Only the lines below from the one with "Meiosis Labster -NDM" through the one with "Phoenix বাচ্চাদের সাইকেল" are to be written out, exactly and without any images.

[Web page caption snippets]
= = =
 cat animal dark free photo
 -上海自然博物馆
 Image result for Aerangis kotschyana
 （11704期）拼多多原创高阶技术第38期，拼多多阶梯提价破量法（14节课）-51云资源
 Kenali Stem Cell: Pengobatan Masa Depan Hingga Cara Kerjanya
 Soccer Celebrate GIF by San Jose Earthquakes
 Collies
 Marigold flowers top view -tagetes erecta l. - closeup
= = =
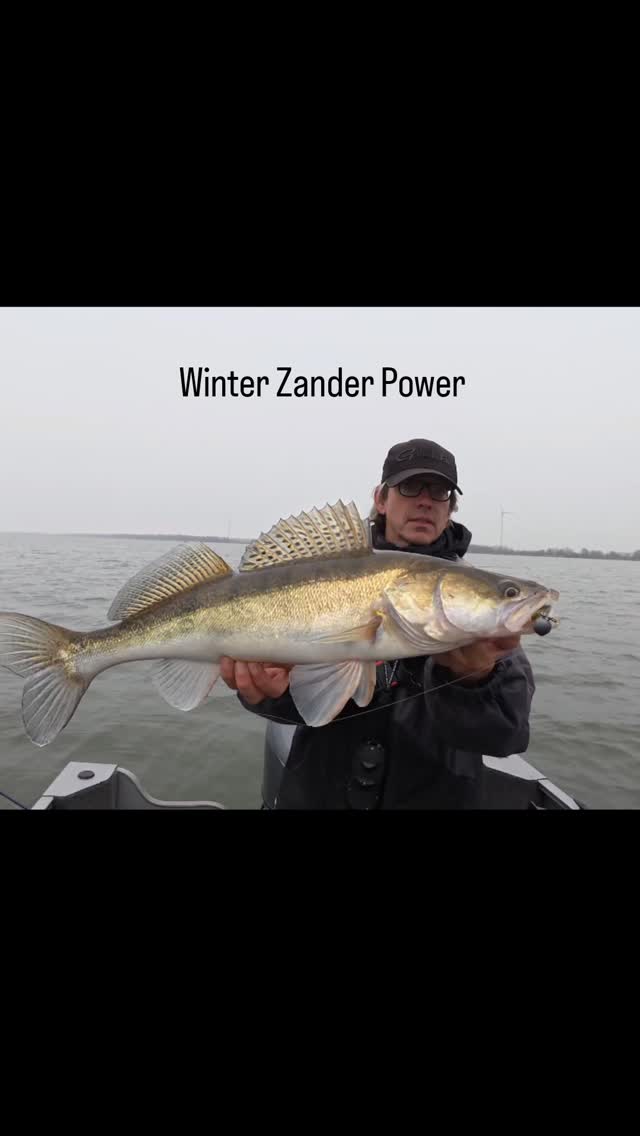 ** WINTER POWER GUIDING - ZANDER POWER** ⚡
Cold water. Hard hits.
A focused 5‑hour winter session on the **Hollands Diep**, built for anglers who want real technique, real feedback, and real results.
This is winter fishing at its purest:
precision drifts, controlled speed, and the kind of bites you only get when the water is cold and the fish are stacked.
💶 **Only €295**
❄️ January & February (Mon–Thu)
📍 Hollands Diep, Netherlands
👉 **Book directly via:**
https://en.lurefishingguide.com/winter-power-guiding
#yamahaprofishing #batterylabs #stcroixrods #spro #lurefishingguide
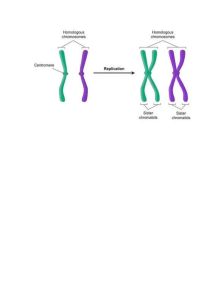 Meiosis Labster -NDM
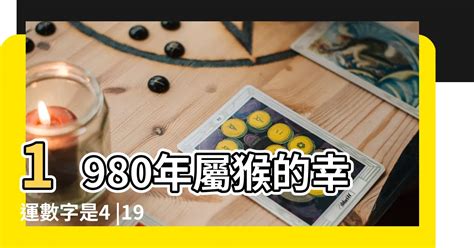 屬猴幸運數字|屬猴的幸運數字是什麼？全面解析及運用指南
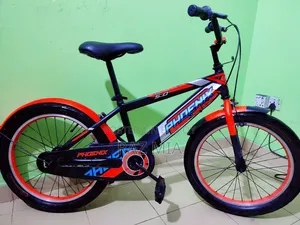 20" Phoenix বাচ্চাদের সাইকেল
= = =
■ Solution ■
 Meiosis Labster -NDM
 屬猴幸運數字|屬猴的幸運數字是什麼？全面解析及運用指南
 20" Phoenix বাচ্চাদের সাইকেল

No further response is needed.